A helicopter plucked to safety on Thursday six people stranded in a mining area after Taiwan's worst earthquake in 25 years, while hundreds of aftershocks rocking the eastern region near its epicentre drove scores more to seek shelter outdoors.

The death toll from Wednesday's 7.2-magnitude quake rose to 10, with the tally of injured at 1,067, authorities said, while most of the roughly 50 hotel workers marooned on a highway as they headed to a resort in a national park were located.

But 660 people were still trapped, most of them in hotels in the park, after the road was cut off, the fire department said, as the discovery of a dead body on a hiking trail near the entrance to a gorge took the total deaths to 10.

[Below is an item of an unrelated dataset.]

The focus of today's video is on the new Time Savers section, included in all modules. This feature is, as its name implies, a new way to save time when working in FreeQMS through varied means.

A helicopter ferried to safety six miners trapped on a cliff in a dramatic rescue after the quake cut off the roads into Hualien's soaring mountains, in footage shown by the department.

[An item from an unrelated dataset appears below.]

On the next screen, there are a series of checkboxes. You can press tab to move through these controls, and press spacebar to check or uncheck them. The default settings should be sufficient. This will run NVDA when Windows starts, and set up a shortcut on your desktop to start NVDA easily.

The agriculture ministry urged people to keep away from the mountains because of the risk of falling rocks and the formation of "barrier lakes" as water pools behind unstable debris.

Thursday was the start of a long-weekend holiday for the tomb-sweeping festival, when families traditionally return home to attend to ancestral graves, though others will also visit tourist attractions.

People in largely rural and sparsely populated Hualien county were readyingto go to work and school when the earthquake struck offshore on Wednesday.

Buildings also shuddered violently in Taipei, but the capital suffered minimal damage and disruption.

All those trapped in buildings in the worst-hit city of Hualien have been rescued, but many residents unnerved by more than 300 aftershocks spent the night outdoors.